I am trying to use PySpark to parse JSON files where the column names are defined once in the header. I'm getting stuck trying to zip/combine an array of column names to an array of values.
json_example = """{
"Header":
{
"Foo": 'bar',
"SignalList": [
{"Name": "id", "Type": "integer"},
{"Name": "field01", "Type": "float"},
{"Name": "field02", "Type": "float"}
]
},
"Payload": [
{
"Data": [
[10001, 2.2, -102.4],
[10002, 2.3, -102.3],
[10003, 2.2, -102.4],
[10004, 2.6, -102.4],
[10005, 2.5, -102.5]
]
},
{
"Data":[
[10006, 2.4, -102.3],
[10007, 2.5, -102.5],
[10008, 2.5, -102.5],
[10009, 2.6, -102.4]
]
}
]
}"""
My goal is to get it to the following format:
+-------+-------+-------+------+
| id |field01|field02| foo|
+-------+-------+-------+------+
| 10001| 2.2| -102.4| bar|
| 10002| 2.3| -102.3| bar|
| 10003| 2.2| -102.4| bar|
| 10004| 2.6| -102.4| bar|
| 10005| 2.5| -102.5| bar|
| 10006| 2.4| -102.3| bar|
| 10007| 2.5| -102.5| bar|
| 10008| 2.5| -102.5| bar|
| 10009| 2.6| -102.4| bar|
+-------+-------+-------+------+
So far, I'm loading the column names and data values as arrays:
# Read JSON
df = spark.read.option("multiLine","true").json(sc.parallelize([json_example]))
# Copy
df1 = df
# Get column names
df1 = df1.withColumn("colnames", F.col('Header.SignalList.Name'))
# Get data values
df1 = df1.withColumn("values", F.explode('Payload.Data').alias('values'))
df1 = df1.withColumn("values", F.explode('values'))
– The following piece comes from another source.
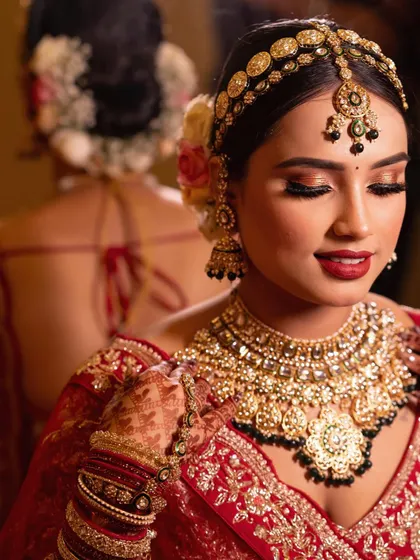 A close-up showcasing the intricate details of the bridal look. The combination of a bold red lip, shimmering gold eyeshadow, and perfectly placed jewelry creates a timeless and regal aesthetic.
# Get metadata from Header
df1 = df1.withColumn("Foo", F.col("Header.Foo"))
df1 = df1.select(["foo","colnames", "values"])
df1.show(truncate=False)
Which results in this:
+---+----------------------+----------------------+
|foo|colnames |values |
+---+----------------------+----------------------+
|bar|[id, field01, field02]|[10001.0, 2.2, -102.4]|
|bar|[id, field01, field02]|[10002.0, 2.3, -102.3]|
|bar|[id, field01, field02]|[10003.0, 2.2, -102.4]|
|bar|[id, field01, field02]|[10004.0, 2.6, -102.4]|
|bar|[id, field01, field02]|[10005.0, 2.5, -102.5]|
|bar|[id, field01, field02]|[10006.0, 2.4, -102.3]|
|bar|[id, field01, field02]|[10007.0, 2.5, -102.5]|
|bar|[id, field01, field02]|[10008.0, 2.5, -102.5]|
|bar|[id, field01, field02]|[10009.0, 2.6, -102.4]|
+---+----------------------+----------------------+
I'm stuck trying to expand the ith value in the values field to a new column with the ith value in the colnames field as the alias.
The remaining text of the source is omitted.